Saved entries
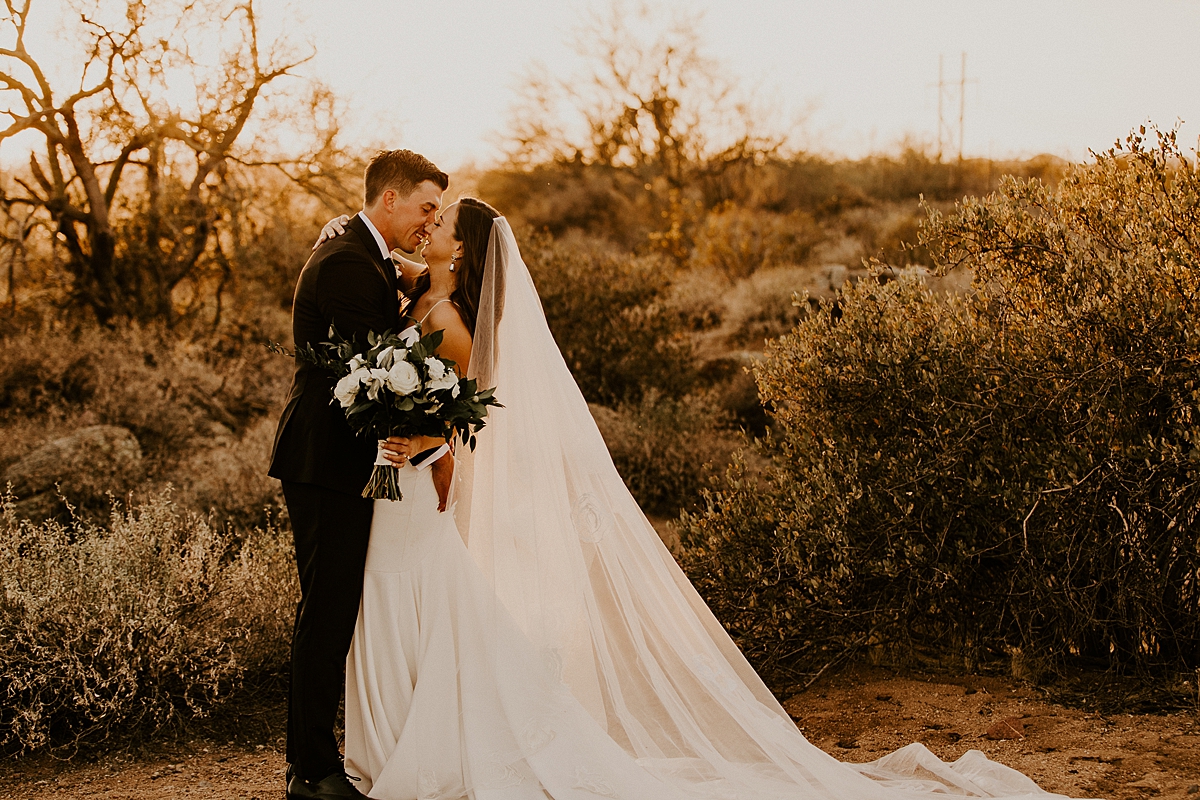 romantic-wedding-day-in-arizona-at-the-paseo-allison-slater-photography-117.jpg
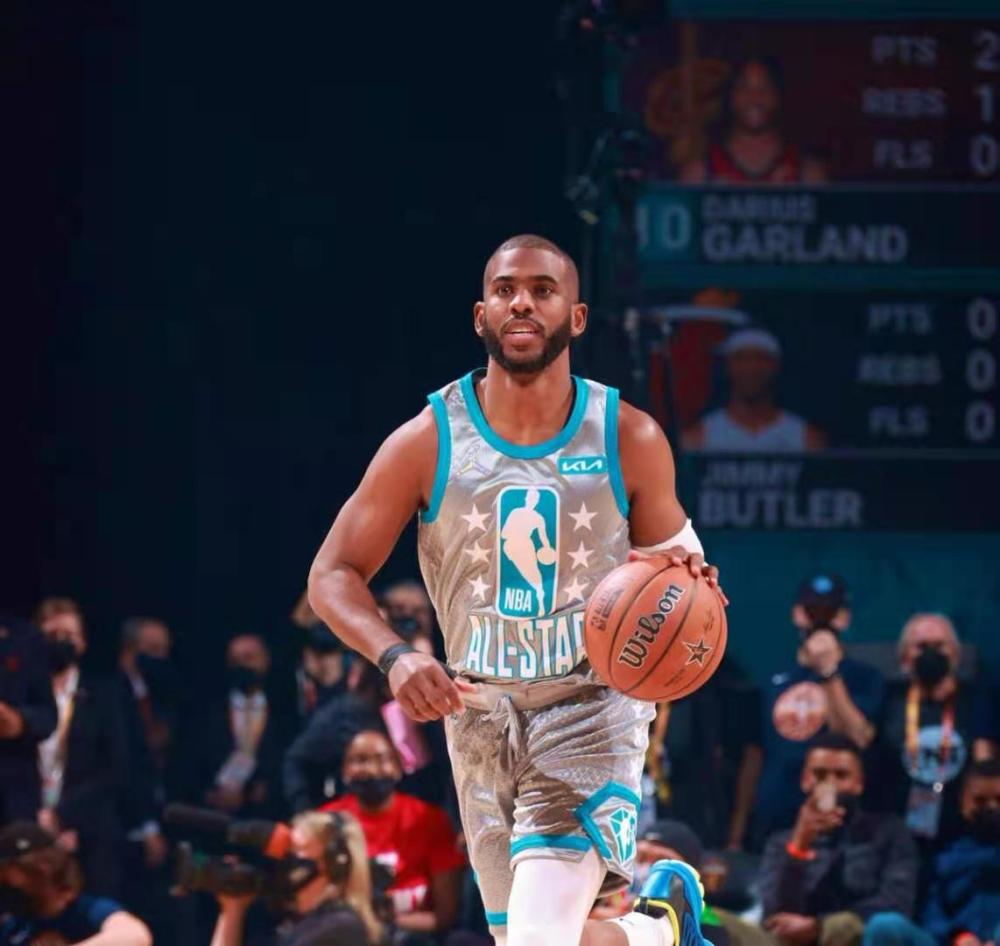 露了内线板 露了内线板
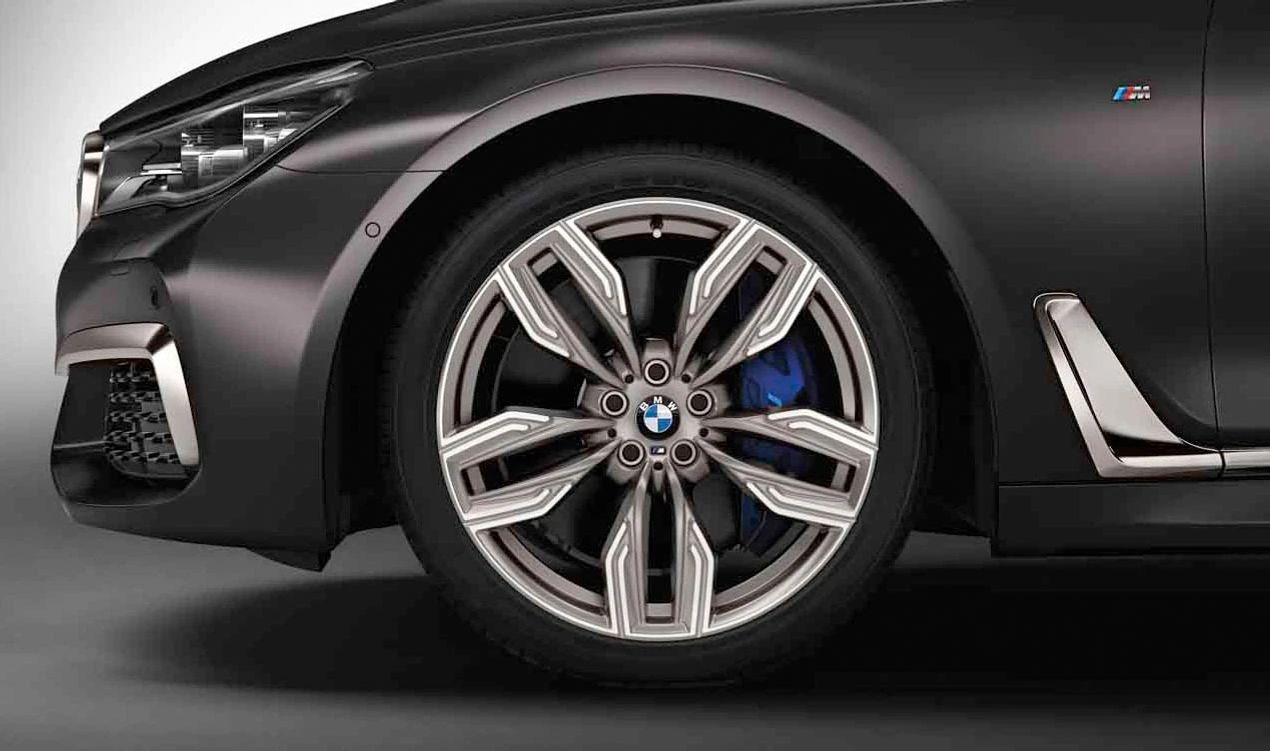 Tire en alliage d'origine BMW M Double Radio 760 20 "CERIUM GREY OEM 36118047258 Pour la série BMW 7 G11, G11n, G12, G12N. Idéal pour l'essieu arrière. Comprend le couvercle central et les vis. BMW d'origine.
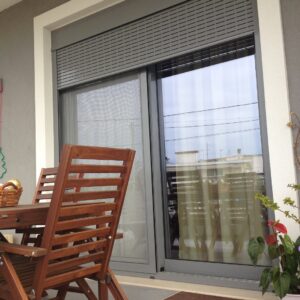 Ενεργειακά κουφώματα αλουμινίου Europa Hybrid σε νεόδμητη οικία στη Νέα Αρτάκη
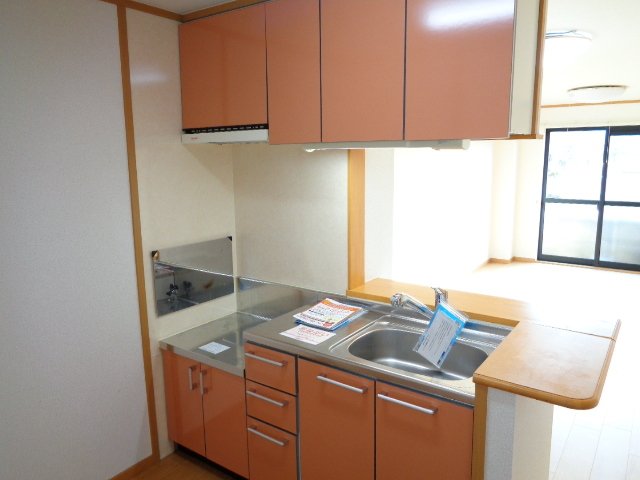 キッチン　コンパクトなキッチンで掃除もラクラク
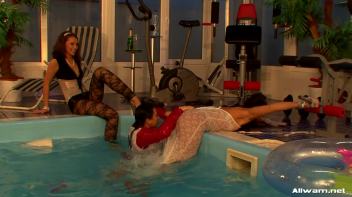 Three Ladies in One Pool Screencap 27 on www.sinx.com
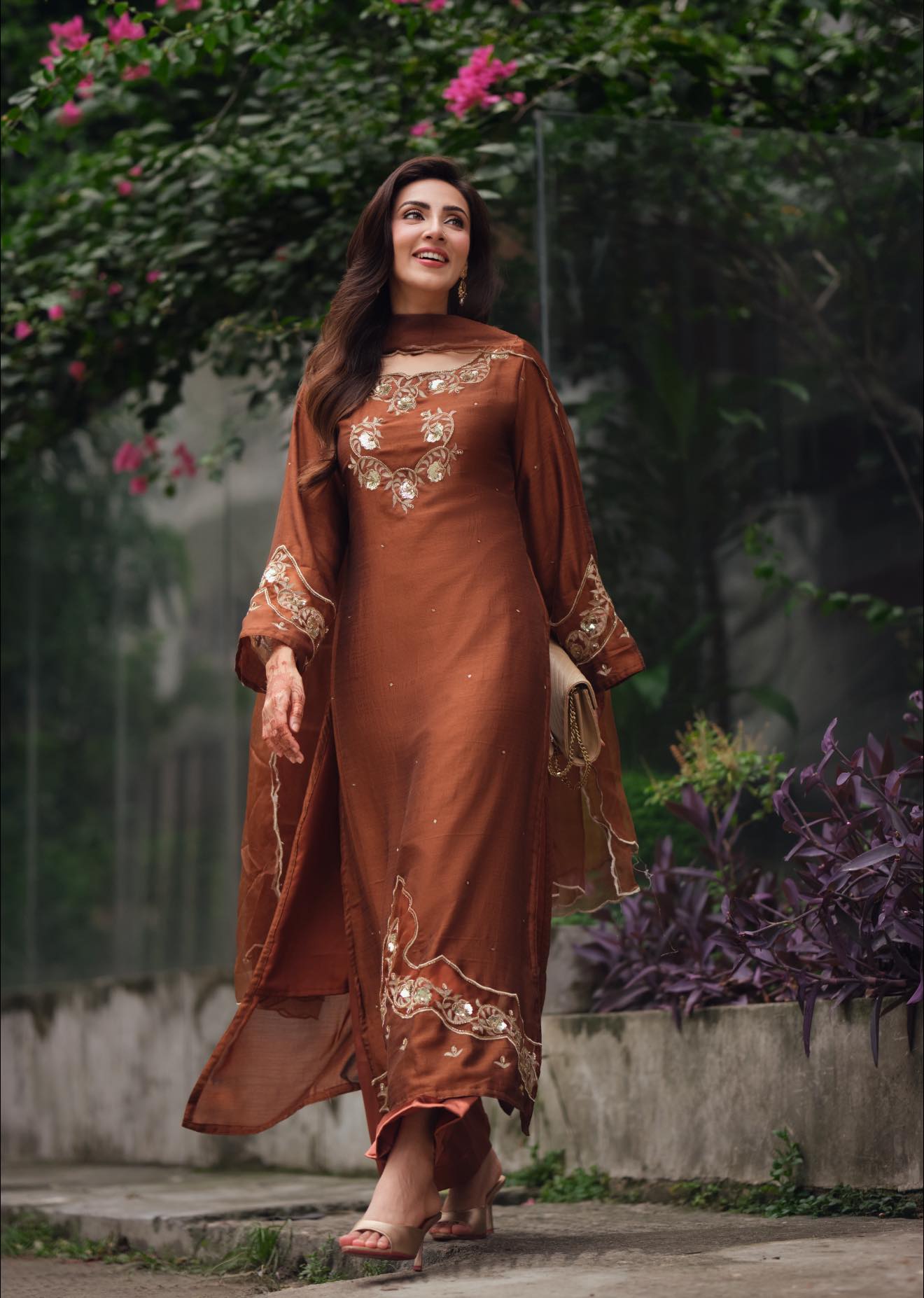 সাদামাটা পোশাকেই সিগ্ধ মিম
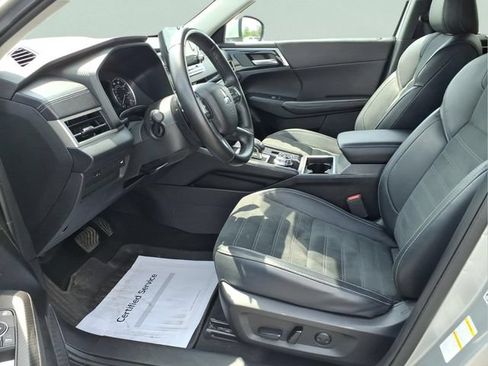 Used 2024 Mitsubishi Outlander AWD image 18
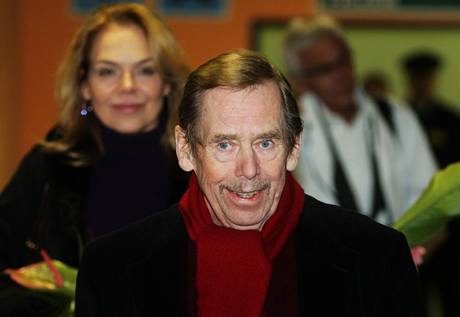 Václav Havel na odchodu z motolské nemocnice dne 29. ledna.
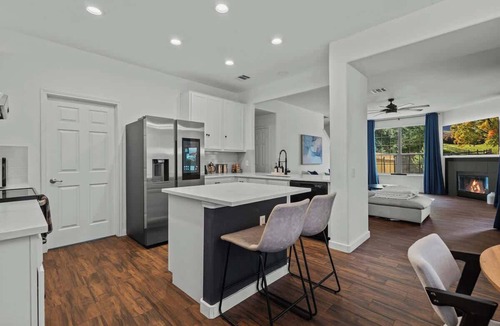 McKinney House | 6 Bedroom Villa | Pool | Hot Tub | Party Cabana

THE TASK
Could you please write out exactly the lines from the start of the entries above through the line that holds "キッチン　コンパクトなキッチンで掃除もラクラク", both included, with no pictures?

RESULT OF THE EXERCISE
 romantic-wedding-day-in-arizona-at-the-paseo-allison-slater-photography-117.jpg
 露了内线板 露了内线板
 Tire en alliage d'origine BMW M Double Radio 760 20 "CERIUM GREY OEM 36118047258 Pour la série BMW 7 G11, G11n, G12, G12N. Idéal pour l'essieu arrière. Comprend le couvercle central et les vis. BMW d'origine.
 Ενεργειακά κουφώματα αλουμινίου Europa Hybrid σε νεόδμητη οικία στη Νέα Αρτάκη
 キッチン　コンパクトなキッチンで掃除もラクラク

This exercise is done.